Flow rectification in loopy network models of bird lungs

TL;DR

This paper demonstrates that multi-loop fluidic networks inspired by bird lungs can rectify oscillatory flows into persistent circulation, with flow control influenced by network topology, oscillation frequency, and amplitude, validated through experiments and simulations.

Contribution

It introduces a novel concept of flow rectification in macroscale networks with loops, inspired by bird lung anatomy, and explores how network topology influences inertial flow control.

Findings

Higher frequencies and amplitudes enhance circulation strength.

Flow separation and vortex shedding enable valving at junctions.

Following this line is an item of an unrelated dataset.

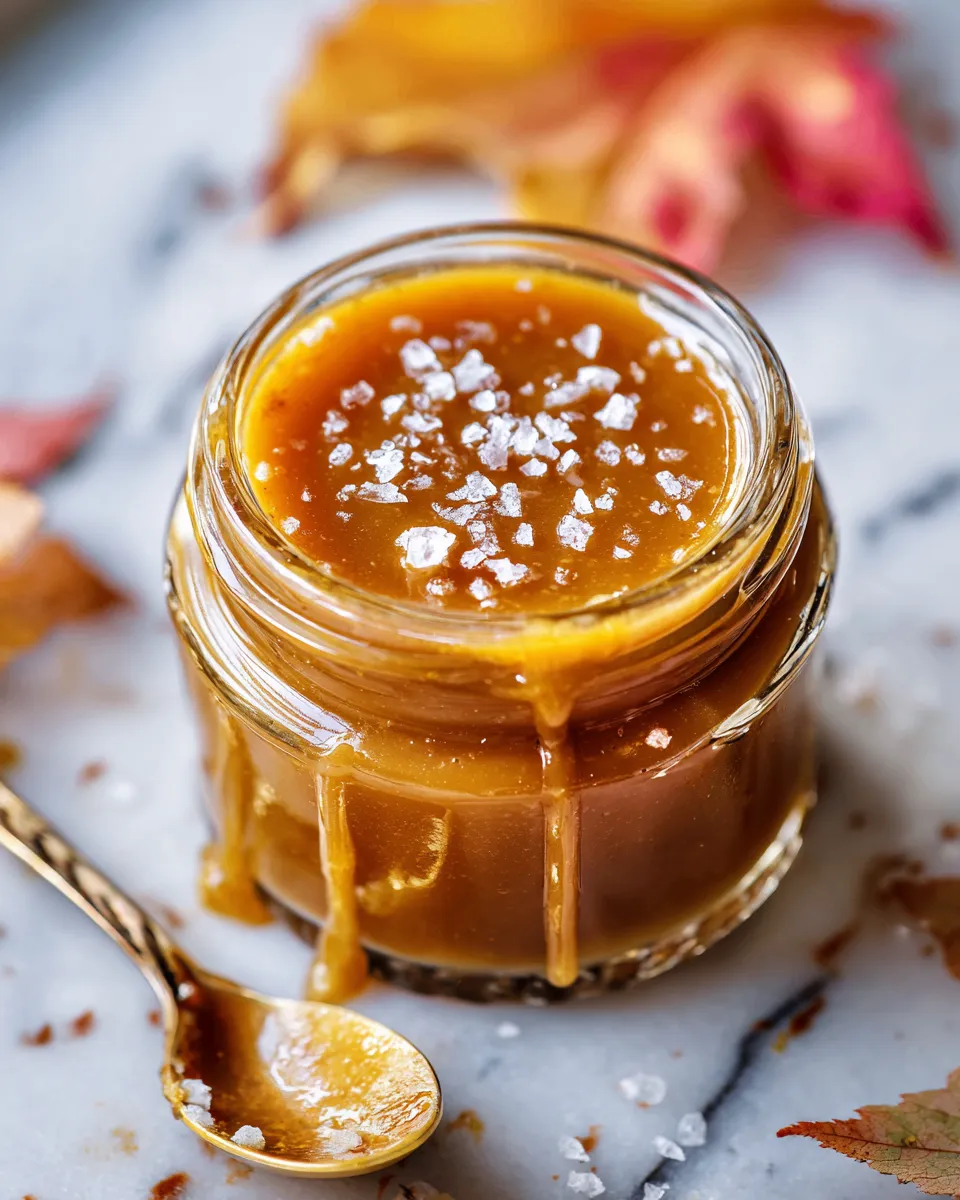 A delicious homemade salted caramel sauce perfect for drizzling over desserts, enhancing flavors, and holiday gifting.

Nonlinear response validated by experiments and simulations.

Abstract

We demonstrate flow rectification, valveless pumping or AC-to-DC conversion in macroscale fluidic networks with loops. Inspired by the unique anatomy of bird lungs and the phenomenon of directed airflow throughout the respiration cycle, we hypothesize, test and validate that multi-loop networks exhibit persistent circulation or DC flows when subject to oscillatory or AC forcing at high Reynolds numbers. Experiments reveal that disproportionately stronger circulation is generated for higher frequencies and amplitudes of the imposed oscillations, and this nonlinear response is corroborated by numerical simulations. Visualizations show that flow separation and vortex shedding at network junctions serve the valving function of directing current with appropriate timing in the oscillation cycle. These findings suggest strategies for controlling inertial flows through network topology and junction connectivity.